> _Try it_
Would you please return the lines of the entries below starting at the line that has "Six Pack Gold" and ending at the line that has "ユトリロ東幸(2LDK/5階)の間取り写真", both included, exactly as they are?
Start of Provided data
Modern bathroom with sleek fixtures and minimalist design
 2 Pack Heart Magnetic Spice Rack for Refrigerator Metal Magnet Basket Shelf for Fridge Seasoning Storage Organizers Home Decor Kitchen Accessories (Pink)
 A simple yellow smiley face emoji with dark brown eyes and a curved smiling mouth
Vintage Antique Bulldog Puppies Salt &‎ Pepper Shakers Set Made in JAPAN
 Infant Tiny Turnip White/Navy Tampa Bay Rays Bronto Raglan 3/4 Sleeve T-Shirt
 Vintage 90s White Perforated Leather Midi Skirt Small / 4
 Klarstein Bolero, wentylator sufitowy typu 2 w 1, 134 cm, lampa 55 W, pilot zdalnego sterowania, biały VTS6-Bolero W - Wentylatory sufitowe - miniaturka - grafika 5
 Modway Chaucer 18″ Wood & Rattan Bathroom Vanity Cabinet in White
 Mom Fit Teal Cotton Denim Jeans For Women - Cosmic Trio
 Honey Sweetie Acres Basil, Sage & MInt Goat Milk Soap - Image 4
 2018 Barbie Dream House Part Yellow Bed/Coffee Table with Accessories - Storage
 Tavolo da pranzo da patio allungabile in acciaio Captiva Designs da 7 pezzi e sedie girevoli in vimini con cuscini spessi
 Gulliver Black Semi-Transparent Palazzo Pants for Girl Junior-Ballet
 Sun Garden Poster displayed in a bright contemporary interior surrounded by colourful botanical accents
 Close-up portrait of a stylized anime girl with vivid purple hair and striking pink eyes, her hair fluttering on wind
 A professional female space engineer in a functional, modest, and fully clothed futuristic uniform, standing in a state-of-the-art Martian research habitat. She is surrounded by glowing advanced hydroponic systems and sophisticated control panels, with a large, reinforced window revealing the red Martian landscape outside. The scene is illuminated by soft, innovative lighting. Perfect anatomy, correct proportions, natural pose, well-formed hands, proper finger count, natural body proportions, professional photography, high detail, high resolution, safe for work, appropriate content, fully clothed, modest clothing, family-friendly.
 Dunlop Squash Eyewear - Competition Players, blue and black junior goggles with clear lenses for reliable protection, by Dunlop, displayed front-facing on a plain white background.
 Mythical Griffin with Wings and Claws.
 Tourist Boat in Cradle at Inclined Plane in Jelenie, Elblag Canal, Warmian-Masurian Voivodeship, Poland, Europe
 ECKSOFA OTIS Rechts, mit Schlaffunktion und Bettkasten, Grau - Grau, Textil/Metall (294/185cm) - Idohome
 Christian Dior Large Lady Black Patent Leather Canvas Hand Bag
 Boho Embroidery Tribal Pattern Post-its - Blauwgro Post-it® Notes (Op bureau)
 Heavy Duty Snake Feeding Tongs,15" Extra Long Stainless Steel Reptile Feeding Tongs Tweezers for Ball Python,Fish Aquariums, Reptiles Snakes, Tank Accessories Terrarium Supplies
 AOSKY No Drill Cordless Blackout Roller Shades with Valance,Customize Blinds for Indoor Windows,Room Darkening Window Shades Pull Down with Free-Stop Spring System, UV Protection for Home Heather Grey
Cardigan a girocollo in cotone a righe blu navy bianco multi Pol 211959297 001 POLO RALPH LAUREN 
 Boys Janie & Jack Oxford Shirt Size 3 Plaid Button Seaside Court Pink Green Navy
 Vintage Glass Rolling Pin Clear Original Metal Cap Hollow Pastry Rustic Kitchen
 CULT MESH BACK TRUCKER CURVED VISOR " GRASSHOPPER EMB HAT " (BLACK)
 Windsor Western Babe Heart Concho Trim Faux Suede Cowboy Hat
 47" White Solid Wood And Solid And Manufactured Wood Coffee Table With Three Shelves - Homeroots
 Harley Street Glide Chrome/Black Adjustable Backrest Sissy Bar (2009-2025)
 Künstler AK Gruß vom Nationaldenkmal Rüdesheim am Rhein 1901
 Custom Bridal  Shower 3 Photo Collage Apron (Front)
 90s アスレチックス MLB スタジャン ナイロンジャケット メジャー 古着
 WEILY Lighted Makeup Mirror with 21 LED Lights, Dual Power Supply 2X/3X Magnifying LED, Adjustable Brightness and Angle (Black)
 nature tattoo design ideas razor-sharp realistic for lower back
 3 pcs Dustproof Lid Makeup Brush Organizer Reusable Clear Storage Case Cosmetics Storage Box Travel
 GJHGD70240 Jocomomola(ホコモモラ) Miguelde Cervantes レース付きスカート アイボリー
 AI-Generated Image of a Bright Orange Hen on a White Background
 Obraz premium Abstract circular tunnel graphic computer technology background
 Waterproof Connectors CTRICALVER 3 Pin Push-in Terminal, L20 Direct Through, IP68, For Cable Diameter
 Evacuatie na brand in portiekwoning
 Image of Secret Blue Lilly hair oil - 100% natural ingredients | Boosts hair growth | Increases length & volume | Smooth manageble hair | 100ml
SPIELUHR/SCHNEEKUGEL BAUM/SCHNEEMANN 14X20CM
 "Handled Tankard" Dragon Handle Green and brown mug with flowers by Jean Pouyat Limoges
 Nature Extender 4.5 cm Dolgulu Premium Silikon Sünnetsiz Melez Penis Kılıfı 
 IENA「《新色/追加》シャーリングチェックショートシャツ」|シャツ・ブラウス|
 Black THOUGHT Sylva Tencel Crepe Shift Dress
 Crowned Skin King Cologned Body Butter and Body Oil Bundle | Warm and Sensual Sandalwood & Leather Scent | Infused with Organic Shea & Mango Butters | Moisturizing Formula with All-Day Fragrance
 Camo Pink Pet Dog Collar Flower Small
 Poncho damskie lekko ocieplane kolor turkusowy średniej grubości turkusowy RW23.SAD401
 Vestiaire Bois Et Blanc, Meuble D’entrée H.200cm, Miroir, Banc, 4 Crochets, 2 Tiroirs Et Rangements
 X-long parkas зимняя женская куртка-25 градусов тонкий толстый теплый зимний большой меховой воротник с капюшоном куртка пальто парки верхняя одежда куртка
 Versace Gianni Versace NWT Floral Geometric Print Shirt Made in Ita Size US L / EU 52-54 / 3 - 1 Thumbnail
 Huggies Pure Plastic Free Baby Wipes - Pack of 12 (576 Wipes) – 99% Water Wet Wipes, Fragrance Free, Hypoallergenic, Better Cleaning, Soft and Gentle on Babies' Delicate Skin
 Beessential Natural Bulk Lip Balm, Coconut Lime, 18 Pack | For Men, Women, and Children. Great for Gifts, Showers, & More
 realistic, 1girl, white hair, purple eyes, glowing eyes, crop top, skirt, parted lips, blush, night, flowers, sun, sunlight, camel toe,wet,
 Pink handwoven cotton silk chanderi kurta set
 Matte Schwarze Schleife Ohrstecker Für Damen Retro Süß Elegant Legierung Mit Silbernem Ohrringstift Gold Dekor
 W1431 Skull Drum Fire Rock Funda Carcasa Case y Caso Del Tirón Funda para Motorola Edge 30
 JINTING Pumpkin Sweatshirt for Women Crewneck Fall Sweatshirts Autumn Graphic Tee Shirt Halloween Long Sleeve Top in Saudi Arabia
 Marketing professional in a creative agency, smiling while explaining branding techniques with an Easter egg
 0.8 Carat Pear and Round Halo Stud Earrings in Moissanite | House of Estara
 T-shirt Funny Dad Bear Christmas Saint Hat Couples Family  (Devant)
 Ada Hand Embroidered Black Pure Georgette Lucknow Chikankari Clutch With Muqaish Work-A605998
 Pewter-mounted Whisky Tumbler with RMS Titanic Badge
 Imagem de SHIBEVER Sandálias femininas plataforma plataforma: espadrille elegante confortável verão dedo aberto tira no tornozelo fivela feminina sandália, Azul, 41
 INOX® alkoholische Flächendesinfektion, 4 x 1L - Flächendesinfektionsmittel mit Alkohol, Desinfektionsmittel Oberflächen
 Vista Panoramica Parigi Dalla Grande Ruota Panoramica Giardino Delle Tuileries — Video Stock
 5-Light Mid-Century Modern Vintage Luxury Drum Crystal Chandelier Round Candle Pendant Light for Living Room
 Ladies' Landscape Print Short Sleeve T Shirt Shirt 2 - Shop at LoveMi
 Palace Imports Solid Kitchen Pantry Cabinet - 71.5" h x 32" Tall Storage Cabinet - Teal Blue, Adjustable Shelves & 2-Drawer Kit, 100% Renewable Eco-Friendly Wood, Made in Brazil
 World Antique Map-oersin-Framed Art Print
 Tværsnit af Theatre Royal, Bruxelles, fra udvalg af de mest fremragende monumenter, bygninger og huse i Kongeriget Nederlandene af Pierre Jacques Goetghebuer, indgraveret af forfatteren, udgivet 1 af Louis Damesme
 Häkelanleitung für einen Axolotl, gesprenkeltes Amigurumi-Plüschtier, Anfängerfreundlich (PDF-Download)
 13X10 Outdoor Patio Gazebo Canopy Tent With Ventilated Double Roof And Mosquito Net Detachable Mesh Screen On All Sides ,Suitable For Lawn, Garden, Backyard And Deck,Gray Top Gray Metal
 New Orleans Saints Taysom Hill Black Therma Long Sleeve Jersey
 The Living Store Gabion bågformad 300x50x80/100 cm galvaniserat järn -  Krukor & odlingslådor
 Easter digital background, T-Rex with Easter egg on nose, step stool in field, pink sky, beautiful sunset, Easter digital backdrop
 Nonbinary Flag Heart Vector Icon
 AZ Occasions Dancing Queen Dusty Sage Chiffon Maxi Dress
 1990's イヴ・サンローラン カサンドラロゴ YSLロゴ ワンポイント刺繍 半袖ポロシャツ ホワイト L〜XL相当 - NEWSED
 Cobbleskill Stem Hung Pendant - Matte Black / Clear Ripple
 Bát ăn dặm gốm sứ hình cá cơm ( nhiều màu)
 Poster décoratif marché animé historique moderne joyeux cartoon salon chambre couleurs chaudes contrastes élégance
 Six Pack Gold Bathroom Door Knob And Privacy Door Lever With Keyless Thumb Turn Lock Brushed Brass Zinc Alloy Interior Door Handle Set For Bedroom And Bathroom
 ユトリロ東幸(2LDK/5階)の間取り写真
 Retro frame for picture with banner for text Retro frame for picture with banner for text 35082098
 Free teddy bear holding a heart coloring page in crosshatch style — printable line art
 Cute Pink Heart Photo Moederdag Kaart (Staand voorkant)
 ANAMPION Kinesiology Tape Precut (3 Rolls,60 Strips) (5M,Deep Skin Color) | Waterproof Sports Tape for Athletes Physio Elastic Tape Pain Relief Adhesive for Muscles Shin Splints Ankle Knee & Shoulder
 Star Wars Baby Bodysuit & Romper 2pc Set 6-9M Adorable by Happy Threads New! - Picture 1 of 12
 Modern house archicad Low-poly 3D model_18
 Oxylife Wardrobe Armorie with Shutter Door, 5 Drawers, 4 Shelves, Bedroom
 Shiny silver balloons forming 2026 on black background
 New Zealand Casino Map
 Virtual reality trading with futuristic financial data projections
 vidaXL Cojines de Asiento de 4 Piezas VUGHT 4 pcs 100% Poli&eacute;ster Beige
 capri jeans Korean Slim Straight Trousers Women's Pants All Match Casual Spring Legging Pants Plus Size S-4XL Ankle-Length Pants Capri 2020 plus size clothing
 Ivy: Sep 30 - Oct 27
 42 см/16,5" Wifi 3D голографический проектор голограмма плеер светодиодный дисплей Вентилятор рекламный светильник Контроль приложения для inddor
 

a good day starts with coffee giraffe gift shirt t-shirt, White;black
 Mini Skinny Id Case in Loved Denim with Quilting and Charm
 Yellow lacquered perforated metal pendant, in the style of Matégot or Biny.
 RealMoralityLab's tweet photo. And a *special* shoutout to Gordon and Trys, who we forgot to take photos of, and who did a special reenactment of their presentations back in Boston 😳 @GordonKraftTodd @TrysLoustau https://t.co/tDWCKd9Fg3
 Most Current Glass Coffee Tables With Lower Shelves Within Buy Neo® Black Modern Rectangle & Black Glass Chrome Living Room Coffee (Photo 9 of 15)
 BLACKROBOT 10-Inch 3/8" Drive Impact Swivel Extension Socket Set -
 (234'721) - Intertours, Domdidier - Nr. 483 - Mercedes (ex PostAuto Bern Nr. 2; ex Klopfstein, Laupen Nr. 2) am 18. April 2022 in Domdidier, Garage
End of Provided data
> _Written answer_
 Six Pack Gold Bathroom Door Knob And Privacy Door Lever With Keyless Thumb Turn Lock Brushed Brass Zinc Alloy Interior Door Handle Set For Bedroom And Bathroom
 ユトリロ東幸(2LDK/5階)の間取り写真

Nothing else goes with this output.